Circumstance confirms Coral's worst suspicions, but when Rafe's life is in danger she is driven to make peace. A tentative romance blossoms amidst a meddling ex-fiancé, a jealous stepmother, a car accident, and the dangerous wilderness of Africa. Is Rafe just toying with a young woman's affections? Is the notorious womanizer only after Coral's inheritance? Or does Rafe's troubled past color his every move, making him more vulnerable than Coral could ever imagine?

Set in 1970, this contemporary historical romance sends the seemingly doomed lovers down a destructive path wrought with greed, betrayal, revenge, passion, and love.

Hannah Fielding

Hannah Fielding:  I grew up in a rambling house overlooking the Mediterranean. My earliest memories are of listening, enchanted, to fairy stories at the knee of my half-French half-Italian governess Zula. When I was seven we came to an agreement: for each story she told me, I would invent and relate one of my own. That is how my love for story-telling began.
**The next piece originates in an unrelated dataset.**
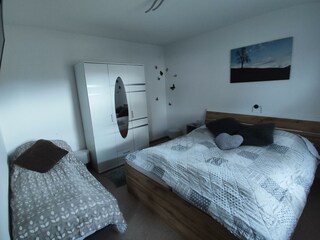Apartment Niclas, Schlafzimmer mit Zustellbett .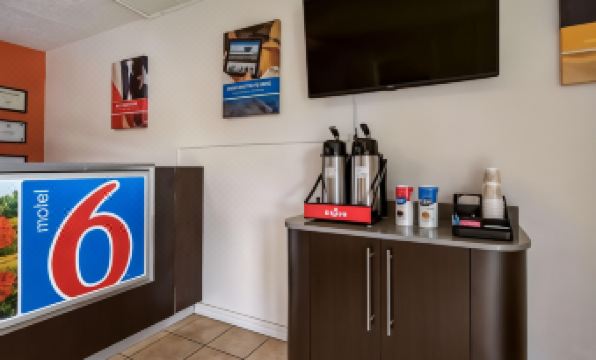 Motel 6 New Stanton, PA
Later, at a convent school, while French nuns endeavoured to teach me grammar, literature and maths, I took to day-dreaming and wrote short romantic stories to satisfy the needs of a fertile imagination. Having no inhibitions, I circulated them around the class, which made me very popular among my peers and less so with the nuns.
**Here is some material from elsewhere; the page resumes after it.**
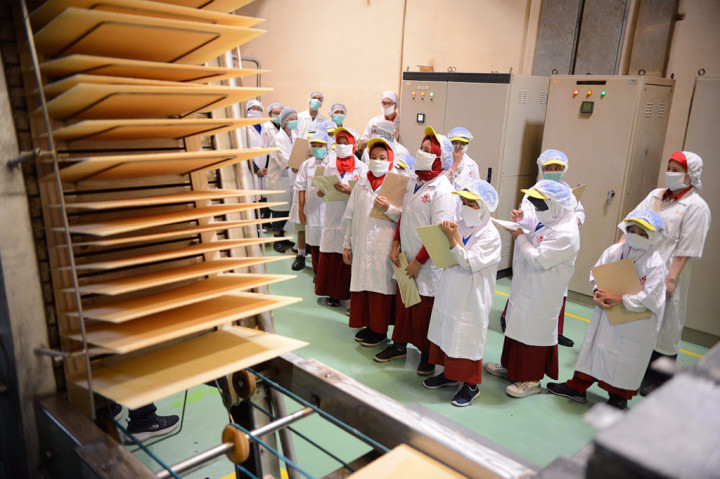 Reporter Cilik Media Indonesia Kunjungi PT Mayora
After I graduated with a BA in French literature, my international nomadic years commenced. I lived mainly in Switzerland, France and England, where I had friends and family, and during holidays I travelled to Mediterranean countries like Italy, Greece and Spain.

I met my husband in London at a drinks party: it was love at first sight, just like in the romance books that were my constant companions. He brought me to his large Georgian rectory in Kent, surrounded by grounds and forests. After my children were born, between being a mother and running a property business, there was little time for day dreaming, let alone writing. 
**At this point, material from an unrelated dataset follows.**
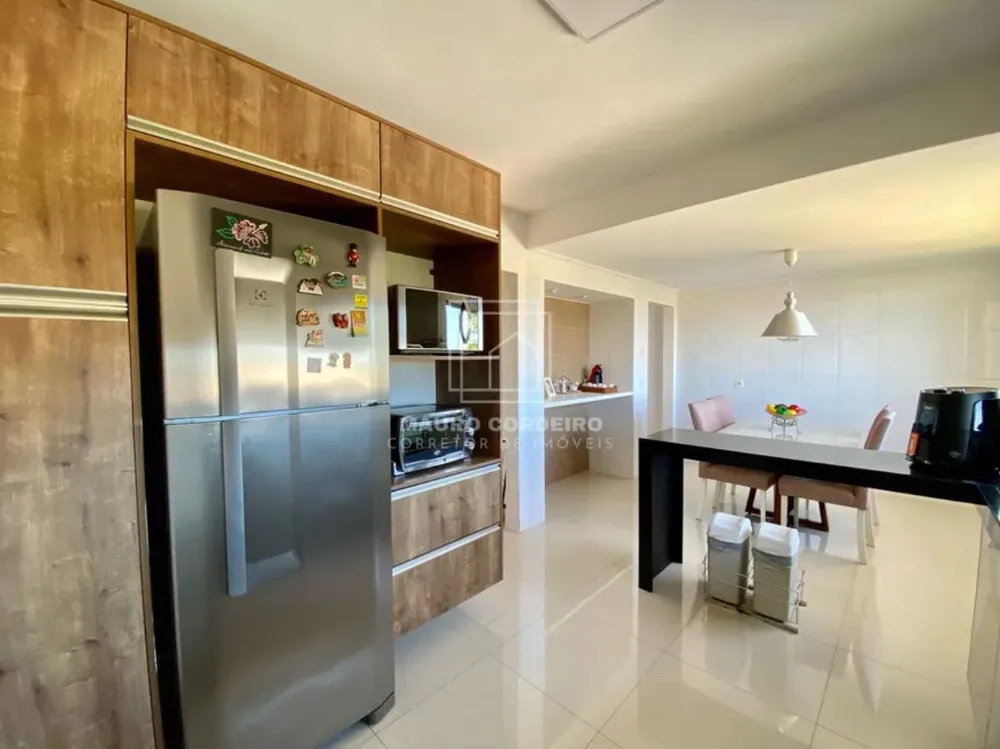 Casa, 4 quartos, 266 m² - Foto 1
Then, once my children had flown the nest, I decided after so many years of yearning to write, write, write it was time to dust off the old manuscripts I’d been tinkering with for a lifetime. 

Today, I am living the dream: I write full time, splitting my time between my homes in Kent and in the South of France, where I dream up romances overlooking breathtaking views of the Mediterranean.

My first novel, Burning Embers, is a vivid, evocative love story set against the backdrop of tempestuous and wild Kenya of the 1970s, reviewed by one newspaper as ‘romance like Hollywood used to make’. My new novel, The Echoes of Love, is a story of passion, betrayal and intrigue set in the romantic and mysterious city of Venice and the beautiful landscape of Tuscany.